Abusers refusing to stay away

More than 12,000 New Zealanders have repeatedly breached court orders to stay away from their victims, and one person has been convicted for doing so 14 times.

Amy Adams
Amy Adams

Ministry of Justice figures released to the New Zealand Herald paint a disturbing picture of family violence in New Zealand, showing 12,157 people have been convicted for 20,864 protection order breaches in the 11 years to December 31, 2015.

A protection order is a court-imposed sanction to keep an offender away from their victims, and those at the front line believe the data is the tip of the iceberg as victims are too scared to report the crimes.

Released to the Herald under the Official Information Act, the data shows some offenders repeatedly flouting the orders.

One person in the Manawatu/Wairarapa area was convicted 14 times for breaching an order, and another in the Bay of Plenty/Coromandel area has been convicted for 13 breaches.

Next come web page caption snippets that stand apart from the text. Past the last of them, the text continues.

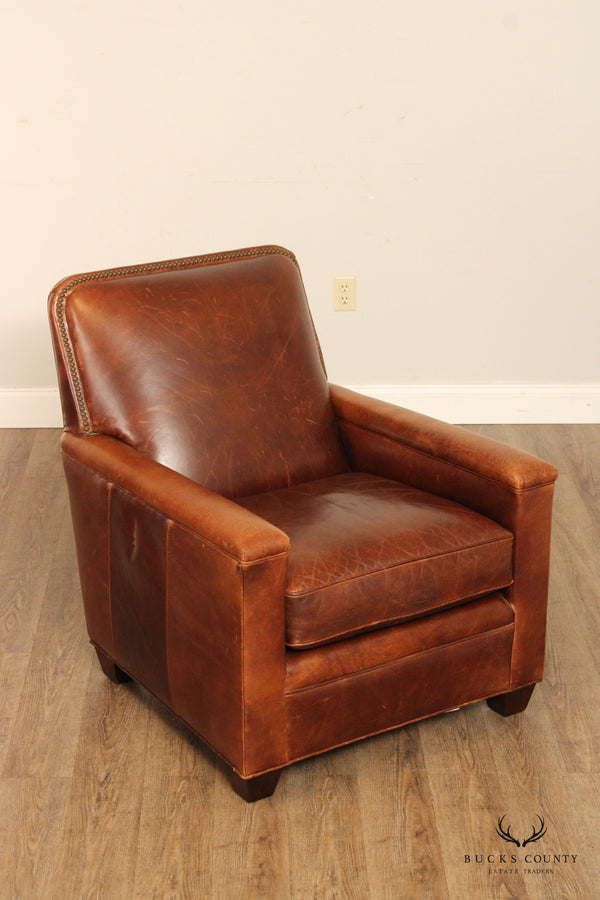 King Hickory Traditional Brown Leather Armchair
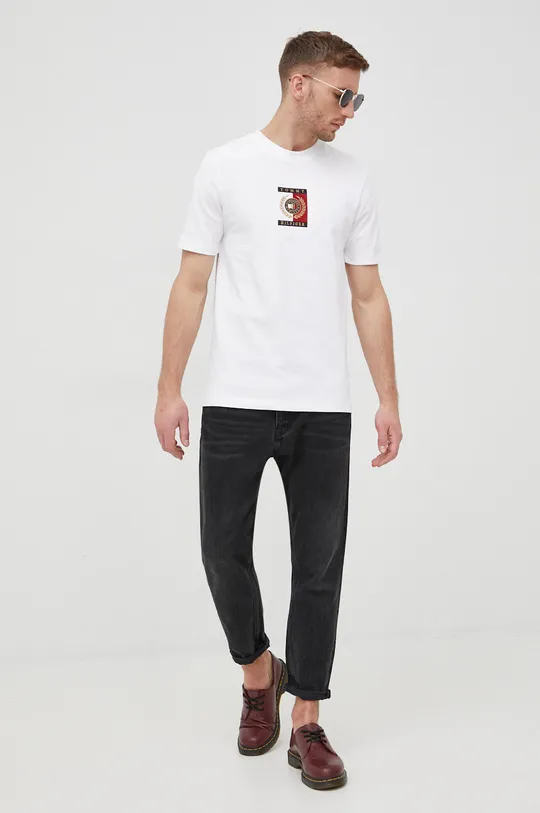 Bavlnené tričko Tommy Hilfiger Icon biela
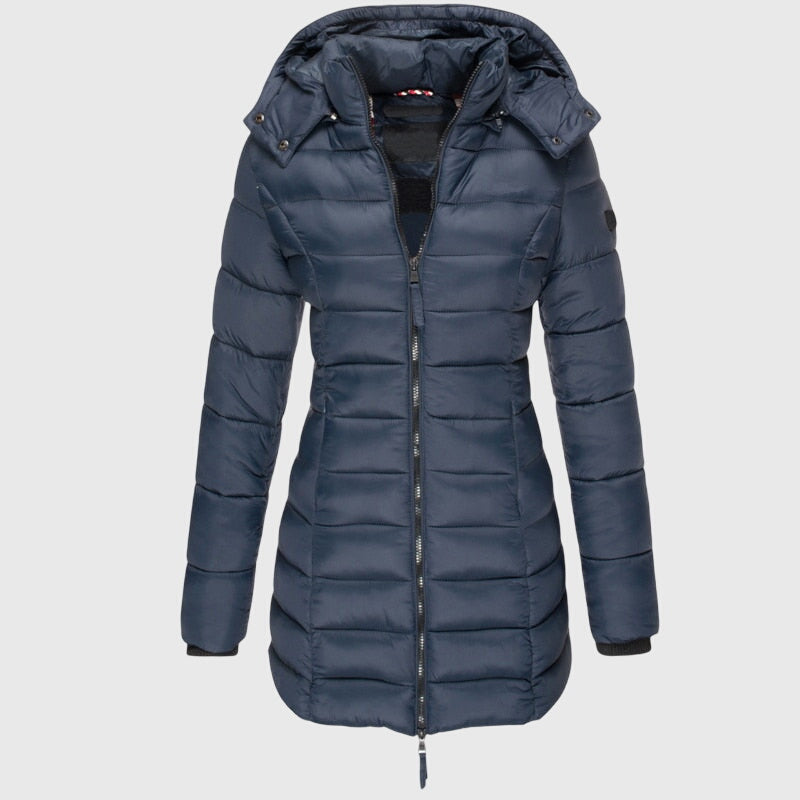 Hooded Zip Front Quilted Longline Puffer Down Coat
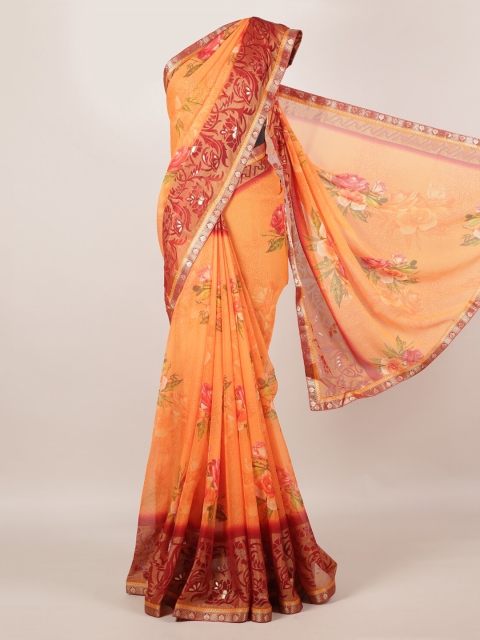 

Pothys Orange Printed Poly Georgette Saree
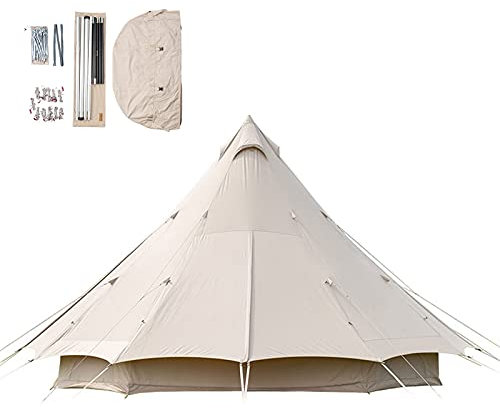 Campingzelt Familienzelt Baumwolle Zelte für 3-12 Personen, Indiana Zelt 548 cm Bell Tent Teepee Pyramidenzelt mit Herd Jack Fenster für Gruppen, Familien, Outdoor Camping, Feste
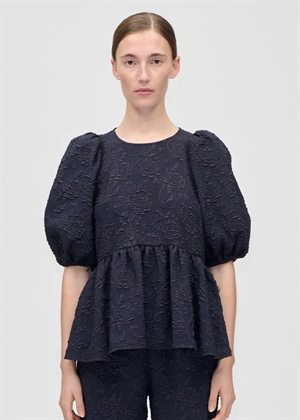 Stretch jacquard puff sleeve peplum bluse Garden Relief Stine Goya 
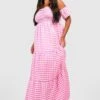 Grande Taille - Robe Longue à Imprimé Vichy Et Col Bateau -BOOHO Kleidung Magasin gzz43956 pink xl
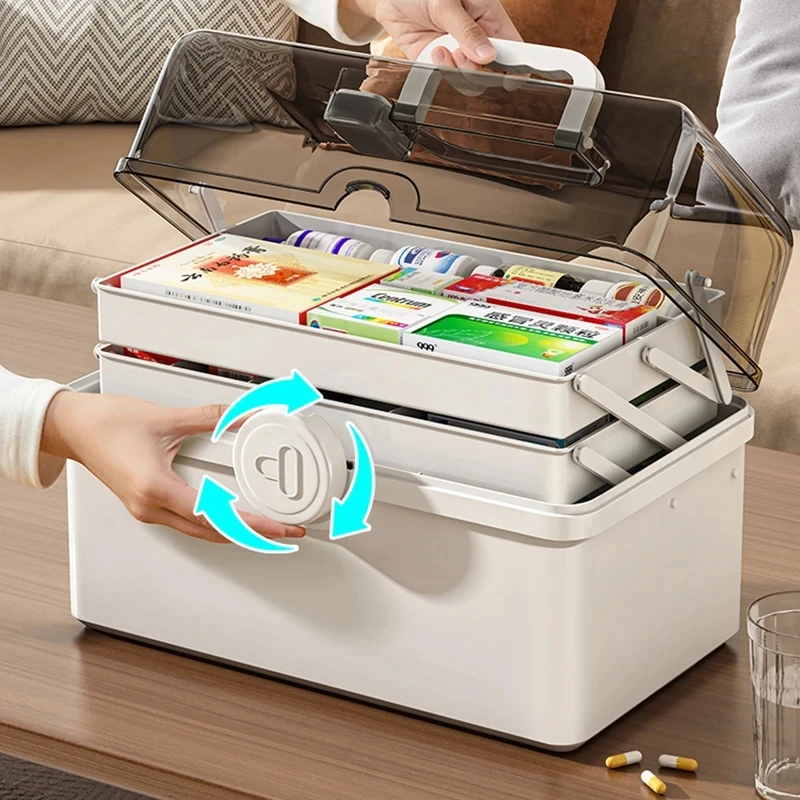 Kit Aid Portable First Large Capacity Pill Case Medicine Organizer Storage Boxes Medicine Container Emergency Phary 3 Layers smile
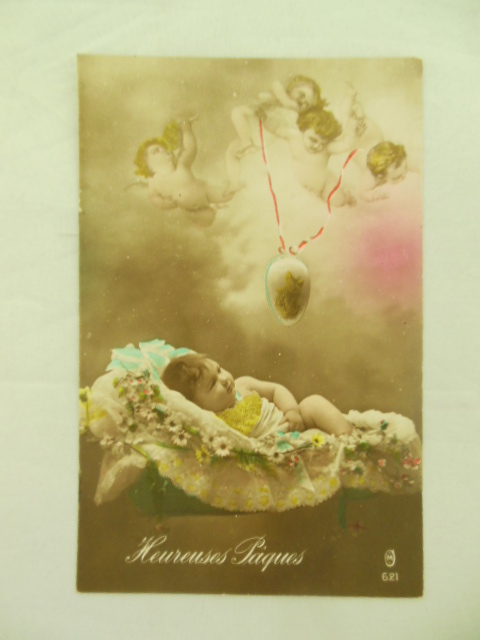 Heureuses Paques French Tinted Postcard (Happy Easter)Baby and Angels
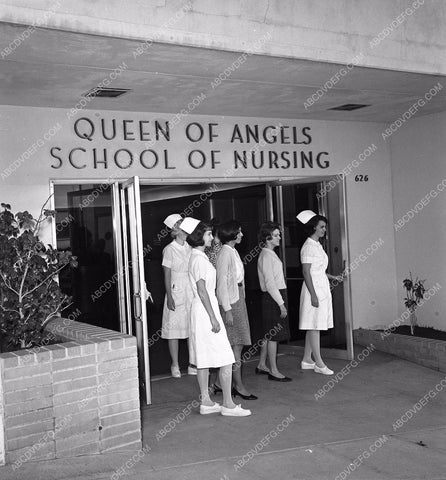 Queen of Angels Nursing School nurses attending historic LA 45bx07-105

Three people were convicted for 12 breaches, two for 11 breaches and 10 for 10 breaches. The date show 129 convictions for six breaches, 237 for five breaches, 486 for four, 1075 for three and 2654 for two.

Males committed 97% of the breaches and offenders aged in their 30s committed about a third. The breaches were not declining over time: 2241 offenders were convicted last year - a rate higher than any other year in the period.

Shine director Jill Proudfoot said it was widely accepted that many breaches went unreported.

"It is very much the tip of the iceberg. Quite often people who have a protection order will not bother to report what might be considered a low-level breach because they are not responded to seriously enough.

"We have experience with a lot of women who report breaches and find that the response to that from the police or from courts puts them at further risk.

"There seems to be a view among police and judiciary that a breach of a protection order has degrees of seriousness and I think that completely goes against the intent of the original legislation."

Ms Proudfoot said every breach should result in an arrest and an offender being taken into custody.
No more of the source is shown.